Required action. Your copy should start at the line with "Funda Billetera Para" and end at the line with "Monogrammed Family Christmas" in the data below. Transcribe only those lines, exactly, pictures excluded.

Data shown.
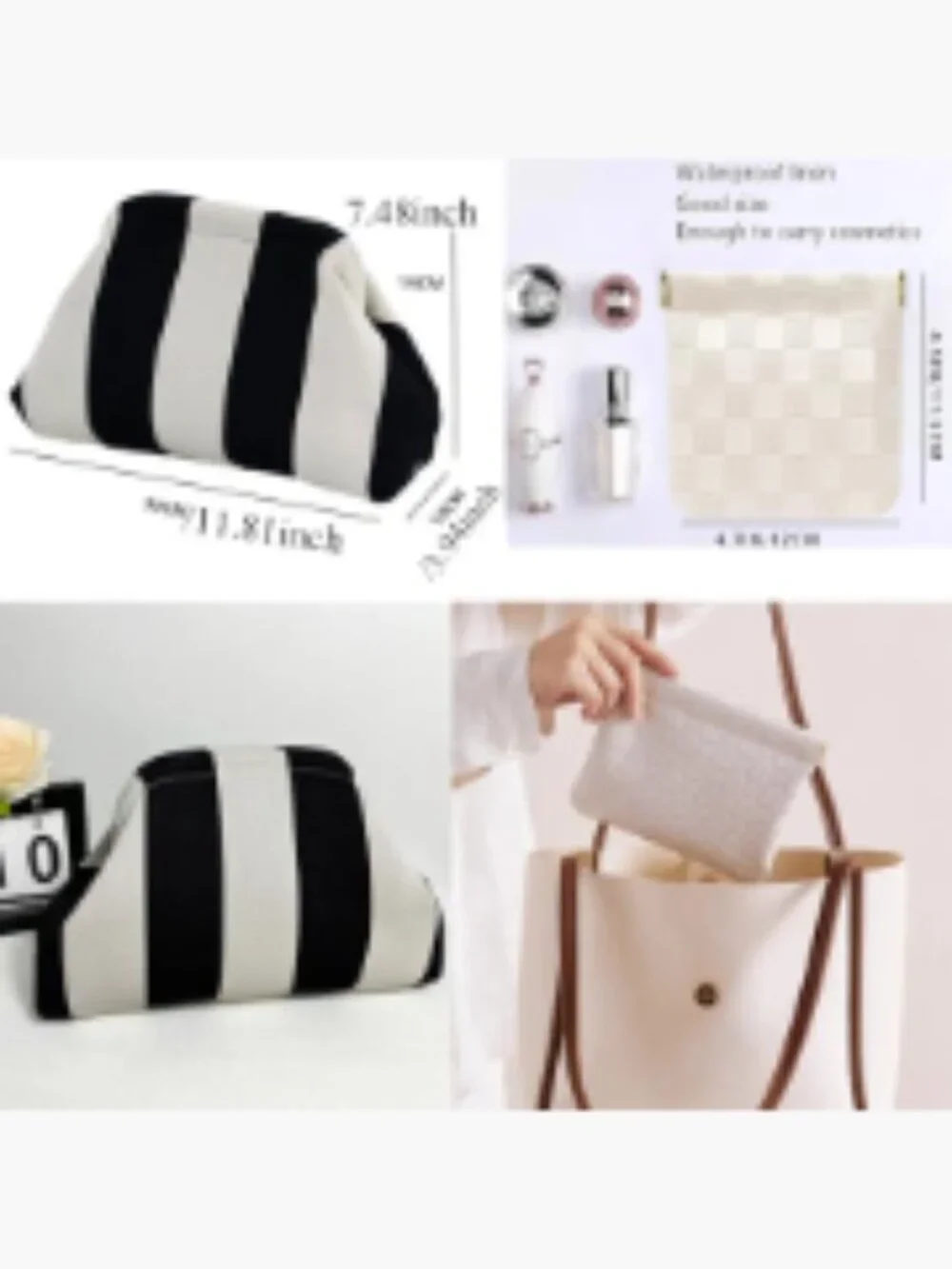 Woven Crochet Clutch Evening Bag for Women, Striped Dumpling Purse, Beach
...
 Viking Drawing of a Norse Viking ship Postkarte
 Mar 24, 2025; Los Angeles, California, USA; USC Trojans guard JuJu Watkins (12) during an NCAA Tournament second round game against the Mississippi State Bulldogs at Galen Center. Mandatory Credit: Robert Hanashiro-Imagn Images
--
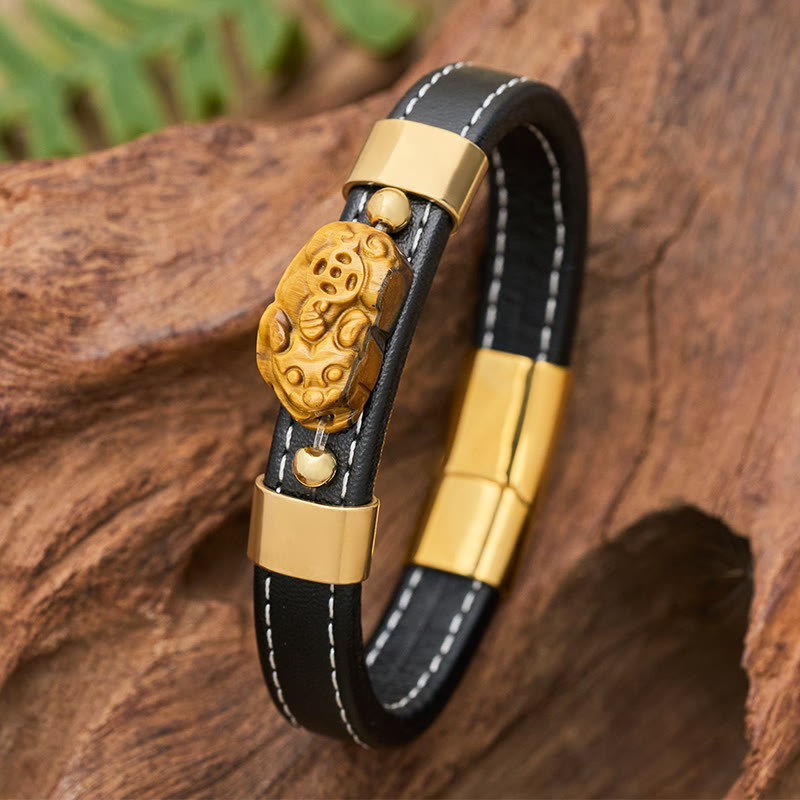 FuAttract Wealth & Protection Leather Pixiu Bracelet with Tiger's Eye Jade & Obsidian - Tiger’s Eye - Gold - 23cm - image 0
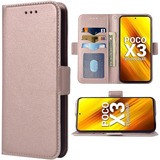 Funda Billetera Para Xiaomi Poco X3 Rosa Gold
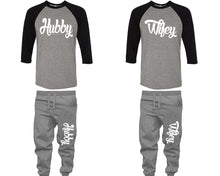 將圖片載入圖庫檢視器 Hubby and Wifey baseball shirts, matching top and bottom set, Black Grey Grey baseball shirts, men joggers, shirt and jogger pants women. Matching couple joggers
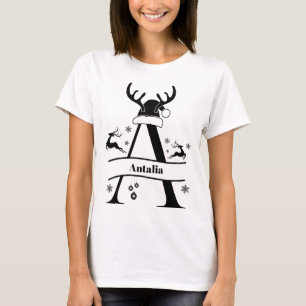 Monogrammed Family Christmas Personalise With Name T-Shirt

Written solution.
 Funda Billetera Para Xiaomi Poco X3 Rosa Gold
 將圖片載入圖庫檢視器 Hubby and Wifey baseball shirts, matching top and bottom set, Black Grey Grey baseball shirts, men joggers, shirt and jogger pants women. Matching couple joggers
 Monogrammed Family Christmas Personalise With Name T-Shirt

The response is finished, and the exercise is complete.